### MATERIALS PROVIDED

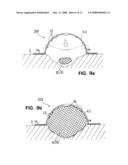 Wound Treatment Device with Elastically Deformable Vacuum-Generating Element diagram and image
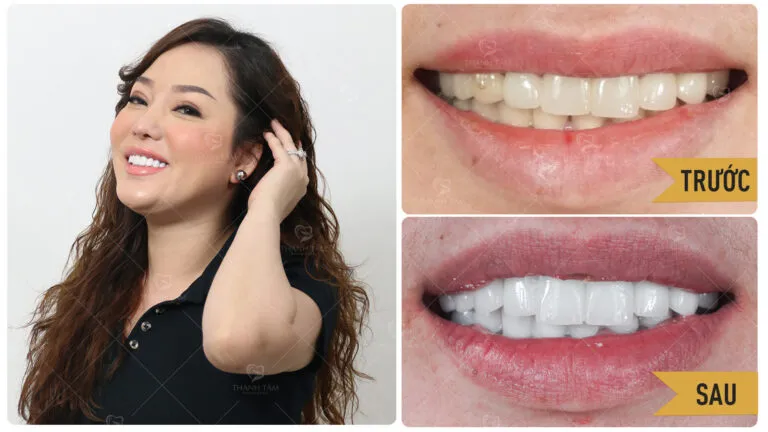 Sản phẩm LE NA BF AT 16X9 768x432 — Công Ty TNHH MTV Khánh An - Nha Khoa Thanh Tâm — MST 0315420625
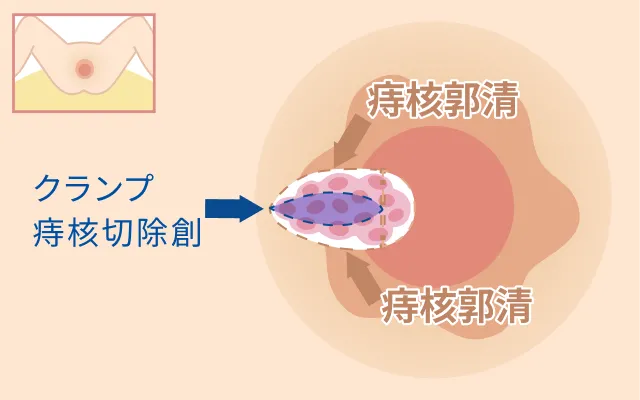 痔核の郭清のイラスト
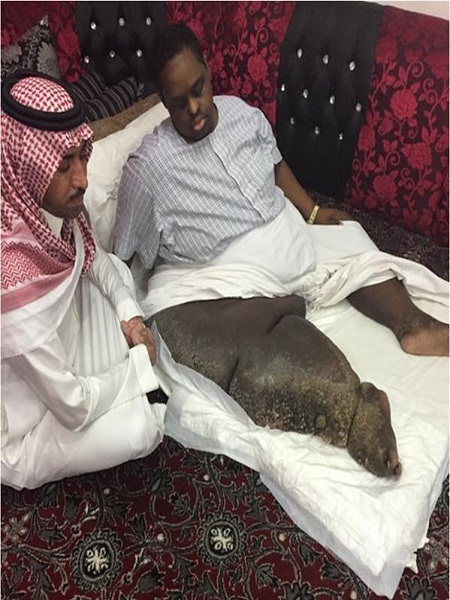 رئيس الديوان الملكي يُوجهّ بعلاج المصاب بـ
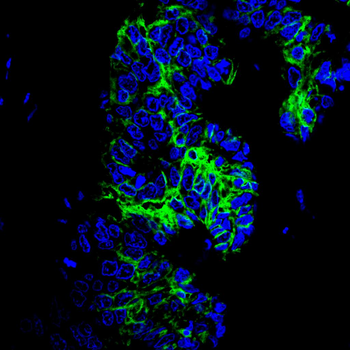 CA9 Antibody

### ASSIGNED TASK
What's needed here is an exact repeat of all the records above, pictures excluded.

### EXERCISE RESULT
 Wound Treatment Device with Elastically Deformable Vacuum-Generating Element diagram and image
 Sản phẩm LE NA BF AT 16X9 768x432 — Công Ty TNHH MTV Khánh An - Nha Khoa Thanh Tâm — MST 0315420625
 痔核の郭清のイラスト
 رئيس الديوان الملكي يُوجهّ بعلاج المصاب بـ
 CA9 Antibody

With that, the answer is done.